EXERCISE PROMPT: Reproduce the records below exactly; no pictures.
+ + +
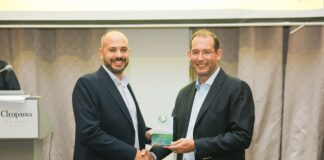 Σημαντικές διακρίσεις για τα Public στα Βραβεία Συνεργατών της Cyta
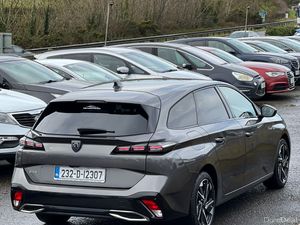 Peugeot 308 2023 - Image 4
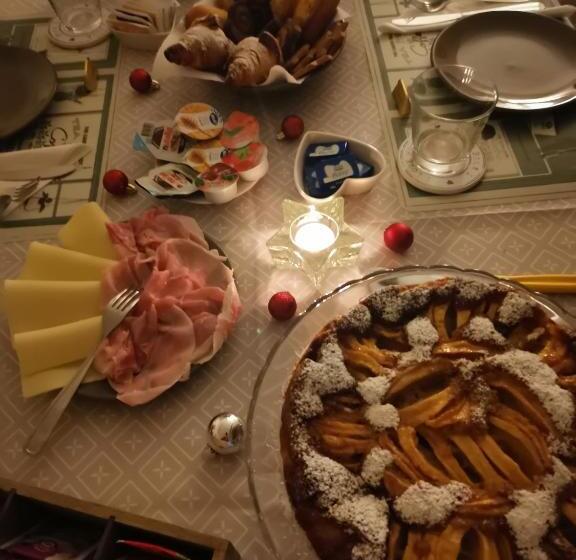 민박 Il Colibrì Bed&breakfast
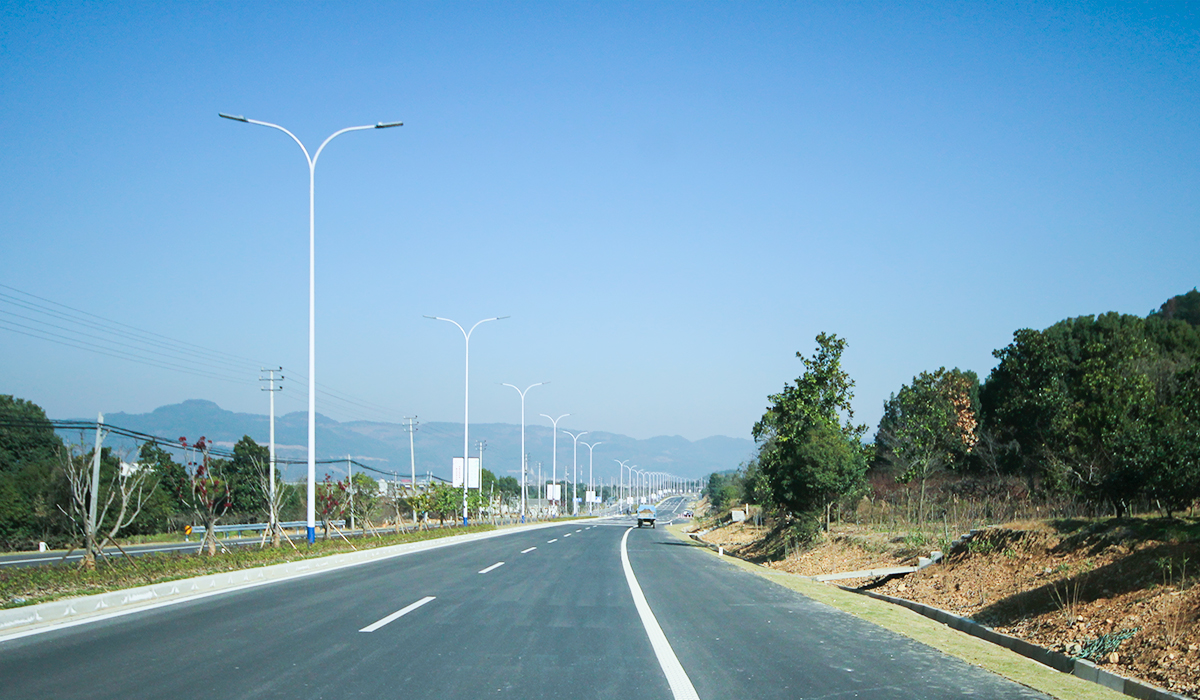 LED路燈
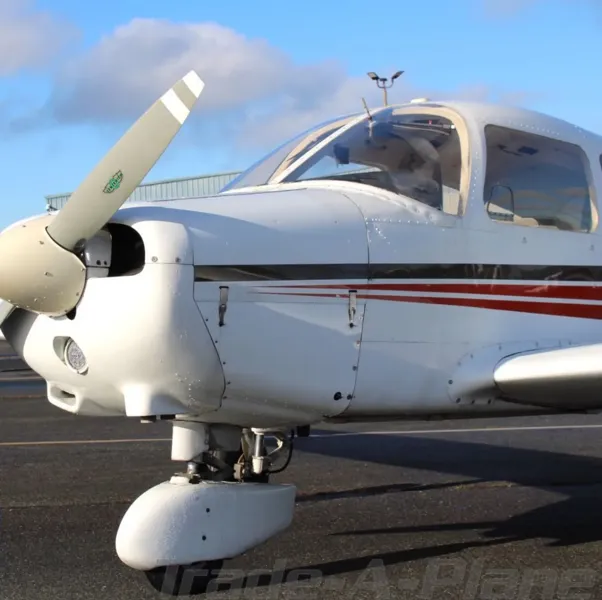 1979 Piper Warrior for sale
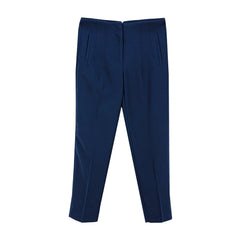 Pantalones Zac Rachel Casual Liso para Damas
+ + +
OUTPUT BELOW:
 Σημαντικές διακρίσεις για τα Public στα Βραβεία Συνεργατών της Cyta
 Peugeot 308 2023 - Image 4
 민박 Il Colibrì Bed&breakfast
 LED路燈
 1979 Piper Warrior for sale
 Pantalones Zac Rachel Casual Liso para Damas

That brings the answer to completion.